### Data for analysis

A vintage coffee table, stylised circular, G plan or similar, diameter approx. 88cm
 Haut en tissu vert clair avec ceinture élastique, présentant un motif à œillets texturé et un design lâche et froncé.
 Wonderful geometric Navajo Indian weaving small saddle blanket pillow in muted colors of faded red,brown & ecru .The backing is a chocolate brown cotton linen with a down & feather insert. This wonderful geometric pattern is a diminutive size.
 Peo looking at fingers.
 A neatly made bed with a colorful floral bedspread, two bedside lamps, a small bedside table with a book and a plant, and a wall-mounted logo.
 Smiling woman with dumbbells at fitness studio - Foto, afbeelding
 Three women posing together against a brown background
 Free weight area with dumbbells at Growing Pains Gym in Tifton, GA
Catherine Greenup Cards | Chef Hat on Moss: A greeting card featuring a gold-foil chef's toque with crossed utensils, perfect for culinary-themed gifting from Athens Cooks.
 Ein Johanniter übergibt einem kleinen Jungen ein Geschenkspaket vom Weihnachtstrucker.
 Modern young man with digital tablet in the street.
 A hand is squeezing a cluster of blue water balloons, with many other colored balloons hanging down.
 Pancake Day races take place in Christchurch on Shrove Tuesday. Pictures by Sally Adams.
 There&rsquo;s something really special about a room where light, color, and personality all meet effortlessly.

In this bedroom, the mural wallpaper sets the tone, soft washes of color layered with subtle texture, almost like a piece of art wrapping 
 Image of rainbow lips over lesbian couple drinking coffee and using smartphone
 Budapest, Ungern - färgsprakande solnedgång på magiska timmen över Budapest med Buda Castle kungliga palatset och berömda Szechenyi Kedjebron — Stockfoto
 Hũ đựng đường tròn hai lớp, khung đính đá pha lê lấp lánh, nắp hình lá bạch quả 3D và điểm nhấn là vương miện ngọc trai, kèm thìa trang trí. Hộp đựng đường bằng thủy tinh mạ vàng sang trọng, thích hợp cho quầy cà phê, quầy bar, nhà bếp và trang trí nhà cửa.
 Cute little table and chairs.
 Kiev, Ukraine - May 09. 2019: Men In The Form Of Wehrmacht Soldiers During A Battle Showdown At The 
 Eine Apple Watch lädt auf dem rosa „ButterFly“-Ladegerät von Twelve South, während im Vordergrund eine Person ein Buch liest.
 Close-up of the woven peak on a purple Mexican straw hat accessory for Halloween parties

######

> _Work to complete_
Starting at the line that holds "Hũ đựng đường", retype each line exactly through the end of the entries, both ends included.

> _Response for this exercise_
 Hũ đựng đường tròn hai lớp, khung đính đá pha lê lấp lánh, nắp hình lá bạch quả 3D và điểm nhấn là vương miện ngọc trai, kèm thìa trang trí. Hộp đựng đường bằng thủy tinh mạ vàng sang trọng, thích hợp cho quầy cà phê, quầy bar, nhà bếp và trang trí nhà cửa.
 Cute little table and chairs.
 Kiev, Ukraine - May 09. 2019: Men In The Form Of Wehrmacht Soldiers During A Battle Showdown At The 
 Eine Apple Watch lädt auf dem rosa „ButterFly“-Ladegerät von Twelve South, während im Vordergrund eine Person ein Buch liest.
 Close-up of the woven peak on a purple Mexican straw hat accessory for Halloween parties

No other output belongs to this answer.